BY ZACHARY WIGON |

Racking Focus: Michael Moore and Documentary Cinema

Michael Moore's comments on docs at TIFF have riled doc filmmakers - but does he have a point?

Racking Focus: Michael Moore and Documentary Cinema

At a keynote speech at the recent Toronto Film Festival, Michael Moore ruffled some feathers when he told documentary filmmakers that they need to make films that feel less like lectures and more like movies, essentially. The advice makes sense, coming from a filmmaker whose work clearly succeeds at entertaining audiences in addition to enlightening, and perhaps it comes at an appropriate time: not too long ago, Filmmaker Magazine had a blog post indicating that the IRS considers documentary filmmaking to be a hobby, not a profession, because it's so uncommon to actually produce an income doing it. 

If these socially conscious filmmakers aren't interested in making work that is more conventionally cinematic, perhaps there are other ways for socially-conscious works of art to engage a broad audience.

What Moore is responding to is a trend in documentary filmmaking - a certain strain that covers some, but not all, of the field - that turns documentaries into, essentially, visual works of journalism. Quite often, when watching a doc, one is struck with the sensation that some stock footage and a few talking heads are all that separate the experience from reading an article in the New Yorker - and if that's the case, why not simply make the docs as journalism, since it's so much easier to absorb written information you can take your time with? Well, I think documentary filmmakers are under the impression - entirely reasonable - that in order to create the greatest social impact with their work, they need to make films, not write non-fiction, since the readership in the United States is dramatically decreasing, whereas viewing content is dramatically increasing. 
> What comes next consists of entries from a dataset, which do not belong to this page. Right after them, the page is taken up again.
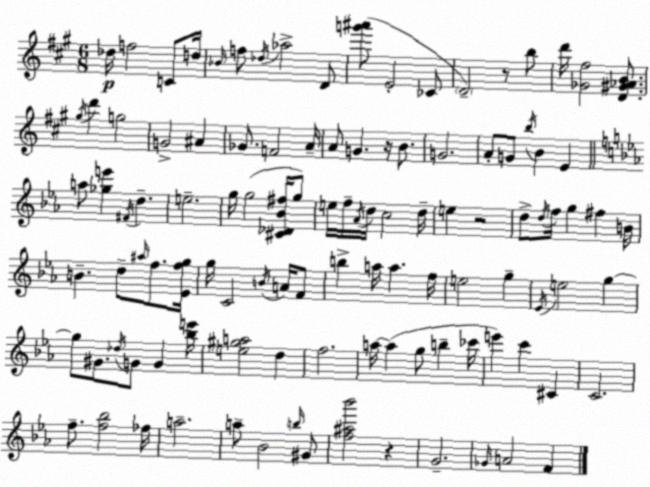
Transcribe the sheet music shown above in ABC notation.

X:1
T:Untitled
M:6/8
L:1/4
K:A
_d/4 f2 C/2 d/4 _B/4 f/2 _d/4 _a2 D/2 [g'^a']/2 E2 _C/2 D2 z/2 b/2 d'/4 [_G^f]2 [D^G_AB]/2 ^g/4 d' g2 G2 ^A _G/2 F2 A/4 A/2 G z/4 B/2 G2 A/2 G/2 b/4 B E a/2 [_ge'] ^F/4 d e2 g/4 g2 [^C_D_B^f]/4 g/2 e/4 f/4 _A/4 d/4 c2 d/4 e z2 d/2 d/4 f/4 g ^f B/4 B d/2 ^a/4 f/2 [_Efg]/4 g/4 C2 B/4 A/4 F/2 b a/4 a f/4 e2 g _E/4 e2 g g/2 ^G/2 _d/4 G/2 G [_be']/4 [e^ga]2 d f2 a/4 a g/2 b _c'/4 e' c' ^C C2 f/2 [f_b]2 _f/4 a2 a/2 _B2 b/4 ^G/2 [f^a_b']2 z G2 _G/4 A2 F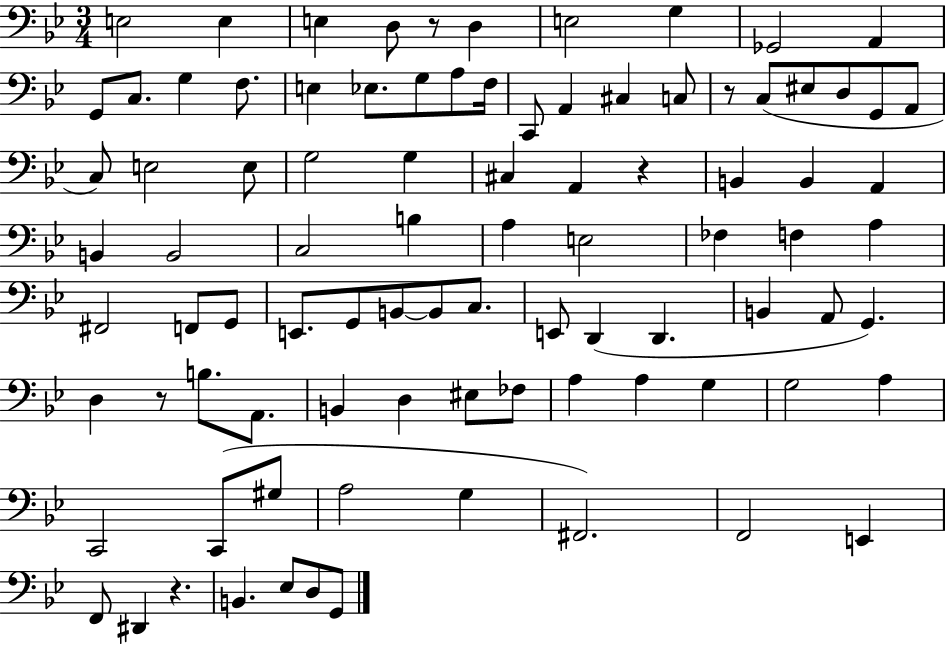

But there isn't much hope in documentary cinema that doesn't engage. But if these socially conscious filmmakers aren't interested in making work that is more conventionally cinematic, perhaps there are other ways for socially-conscious works of art to engage a broad audience. Considering the hybrid terrain between docs and journalism, one wonders if, in the future, a hybrid sort of art form could emerge with doc viewings on VOD platforms. Since such docs aren't typically the most cinematic works anyway, one imagines that not all that much would be lost be viewing such films on one's laptop, and an added advantage could come into play - perhaps journo-docs, as we might call them, could feature links to various articles, essays, and interviews throughout their running time, with a sort of "works cited" list of links at the end? This way, viewers can entertain themselves with clicking around to various media sources that address the issue the doc is aiming to call attention to.

Considering the hybrid terrain between docs and journalism, one wonders if, in the future, a hybrid sort of art form could emerge with doc viewings on VOD platforms.

After all, with journo-docs, the goal is often raising awareness of a specific issue in the world - if the film does that, in one guise or another, the filmmaker, I imagine, will feel rather content. In this way, a myriad of sources of media commenting on the issue can be viewed, and viewers can be stimulated by multiple works of film, journalism, and TV, as opposed to just focusing on one doc that may, at times, feel plodding or like a lecture. Acknowledging that there are many different ways to learn about an issue may allow journo-docs to reach a wider sphere of viewership.